Trading bezeichnet das Ausnutzen kurzfristiger Kursschwankungen durch häufige Käufe und Verkäufe von Wertpapieren, z.B. Aktien oder auch Währungen. Doch sind diese Strategien erfolgreich? Kann man davon leben?
Diverse "Gurus" im Internet versprechen das Blaue vom Himmel: reich werden in drei Monaten, Zehntausende von Franken/ Euros einfach am PC daheim verdienen. Dazu möge man bitte diesen Online-Kurs kaufen, jenes Seminar besuchen oder folgender Whatsapp-Gruppe beitreten - und schon segeln die "richtigen" Handlungsempfehlungen aufs Display bzw. den Bildschirm.
Nun, wenn es denn so einfach wäre, dürften sich die Ferraris in den Garagen stapeln und mein geliebter Zürisee wäre voller Luxusyachten - weit gefehlt.
Die Realität sieht etwas anders aus:
1. 85% aller Daytrader erleiden auf Jahresbasis nur Verluste
Dazu gibt es zahlreiche Studien, exemplarisch sei eine breit angelegte Studie aus Kalifornien und China genannt, welche akribisch das Handeln an der Börse in Taiwan untersuchte.
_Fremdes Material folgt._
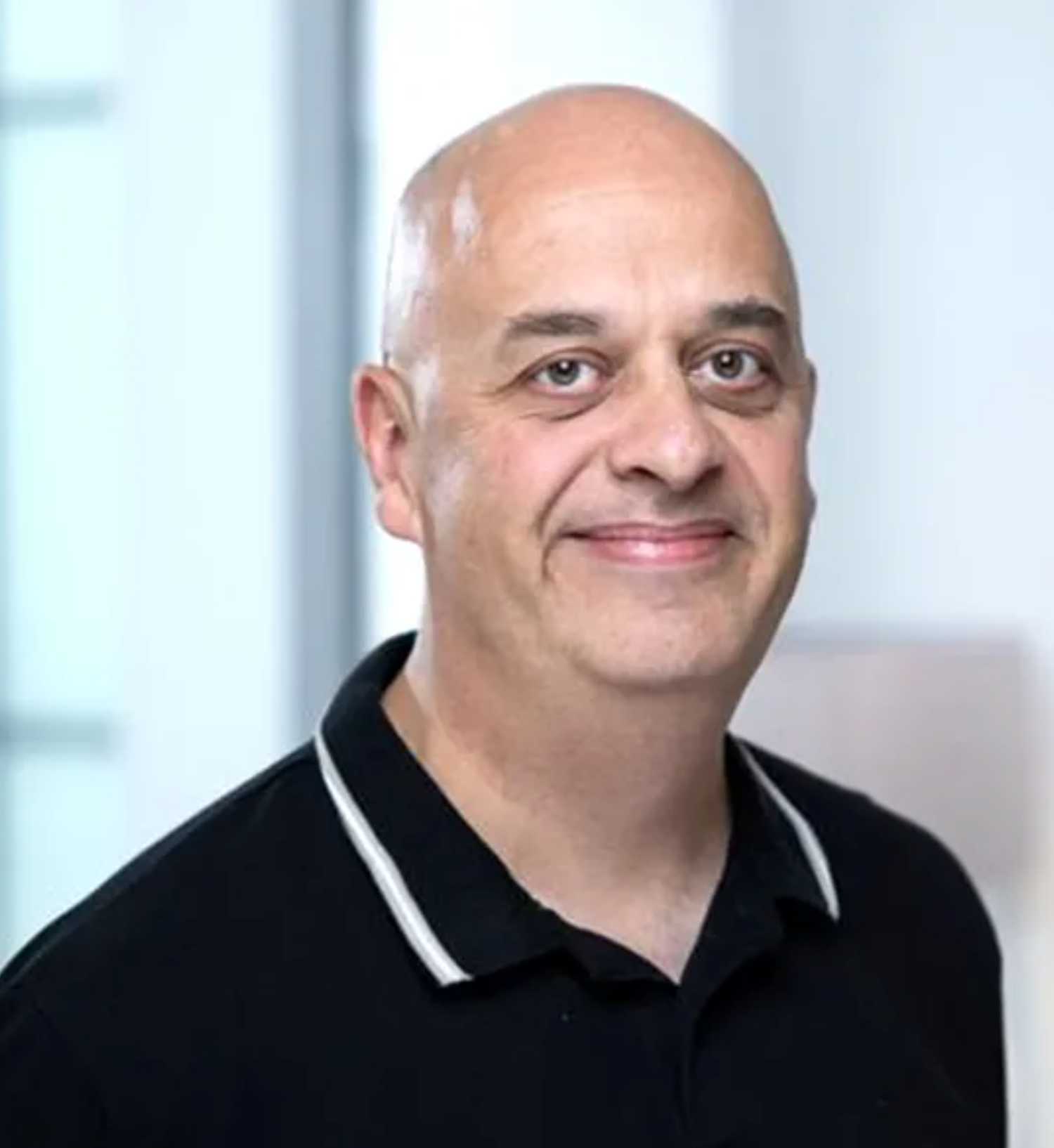 Professional headshot of a bald middle-aged man smiling, wearing a black polo shirt with white trim.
Die Zusammenfassung ist nüchtern:
"In aggregate and on average, trading is hazardous to one’s wealth [...] Some traders are consistently dismal stock pickers; for a select few, trading proves to be a profitable endeavor."
Barber, Brad M. et al. (2011) "The Cross-Section of Speculator Skill
Evidence from Day Trading", University of California, Davies
Andere Studien zeigen auf, dass sogar nur weniger als 1% der Daytrader wirklich profitabel wirtschaften. Die Neue Zürcher Zeitung (NZZ) hat es in 2020 mal schön zusammengefasst (Link).
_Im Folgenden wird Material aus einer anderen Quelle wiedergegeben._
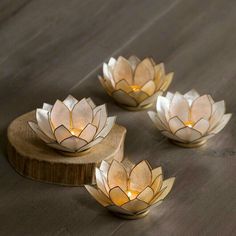 three lit candles sitting on top of a wooden table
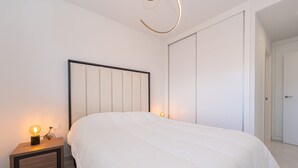 A modern bedroom with a large bed, a bedside table with a lamp, and a wardrobe. - Apartamento Vamos (Mar de Pulpi) (San Juan de los terreros)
2. Auch beim Devisenmarkt ist es übel: 89% aller Trader haben Geld verloren.
Zu diesem Schluss kommt eine französische Studie, welche über vier Jahre, von 2009 bis 2012, die Performance von Währungshändlern bei verschiedenen Brokern untersuchte. Das Verrückte dabei: laut der Studie macht es kaum einen Unterschied, ob Neulinge oder erfahrene Trader am Werk waren - der Lerneffekt war erstaunlich gering oder anders: Amateure und Profis war gleich unterirdisch schlecht!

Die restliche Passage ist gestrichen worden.